In regards to where I see myself in five years, I’m not quite sure, haha this is actually a question I’m trying to answer right now, as there are a few different routes. The first is continuing to progress through the industry, the second is to start freelancing more and travelling the world, third is work more on my teaching stuff and the fourth is what I’m doing at the moment and a mash-up of all 3. As long as I’m still enjoying what I’m doing and working on interesting problems in 5 years time then I’ll be happy.

  • What is a less known fact about you that we dare to share with us? 🙂

Hmm, I’m a big dota 2 fan, and generally, watch most of the tournaments!

  • You had many talks and wrote many articles about what would be the fastest way to get into and succeed in the VFX industry. How do you see this topic in this stage of life, what would be your recommendation to start?

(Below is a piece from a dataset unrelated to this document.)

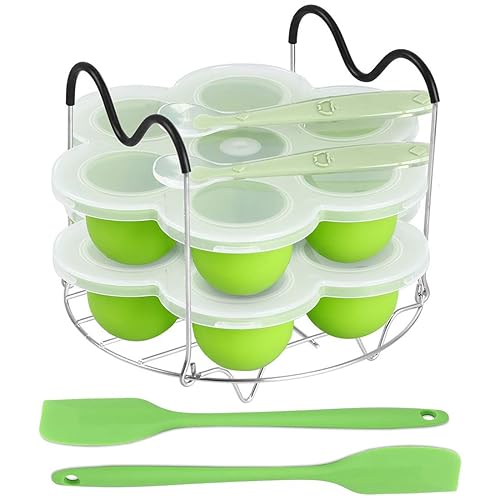ROTTAY Silicone Egg Bites Molds and Steamer Rack Trivet with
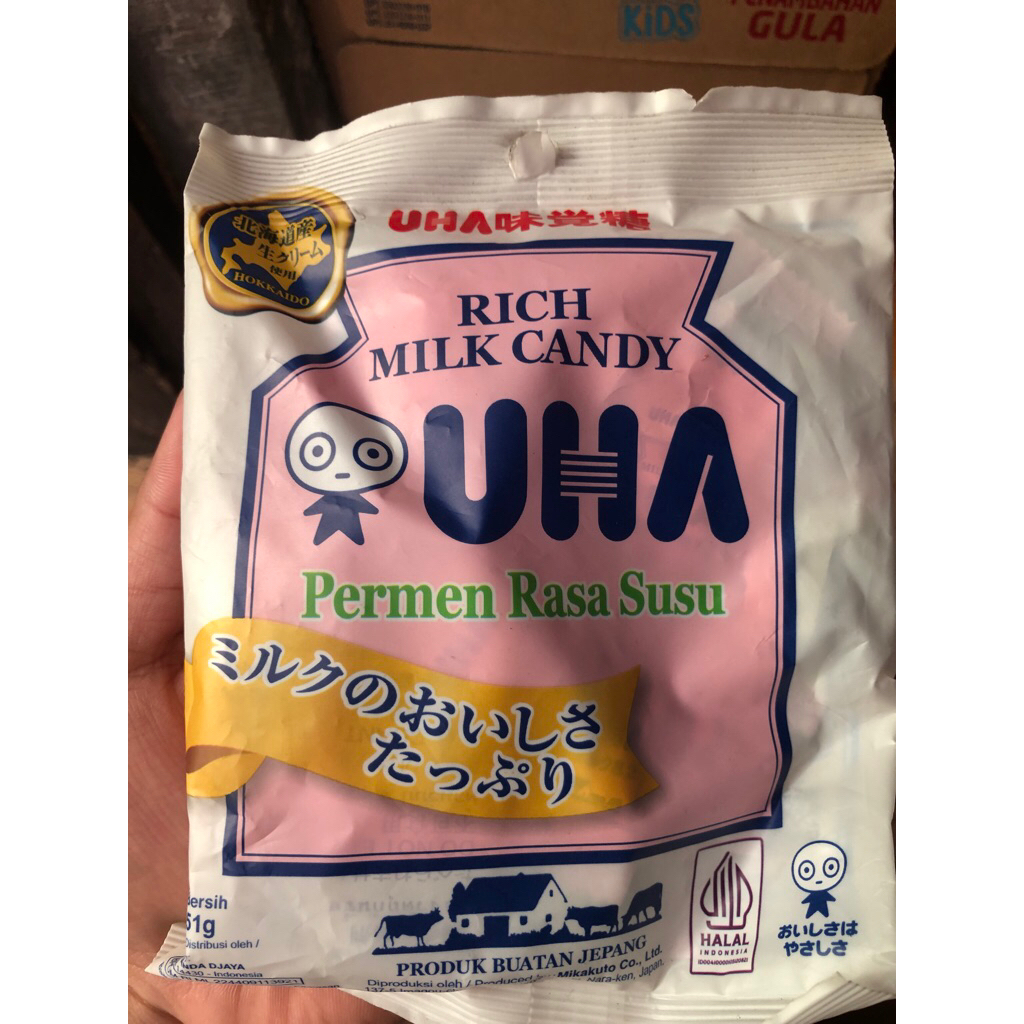 Jual Permen Susu UHA 42gr - Rasa Matcha, Milk Candy, and Strawberry ...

So the talk I gave on this subject came about due to the number of university visits I’ve done. When visiting a uni you can basically know who will go on into the industry in a week of teaching a class. Attitude is the biggest thing that determines this as well as grit, which is the ability to not give up easily. The biggest idea I’m thinking about at the moment is how to get people to absorb the information within a tutorial, as I speak with lots of students who have seen every tutorial on there chosen topic, however when asked about the topics within the tutorial they don’t understand them. Many people just watch the tutorial without focus.

My recommendation would be to do some free tutorials on the topic, now it’s probably going to be really frustrating at first, so the thing you’re testing here is do you enjoy it enough to push through those frustrations. If you do then the next thing to ask is whether you’d like help along the way and how much you’d like. For instance, is posting on a forum enough? Or do you need a more guided course. It’s a different answer depending on what kind of person you are.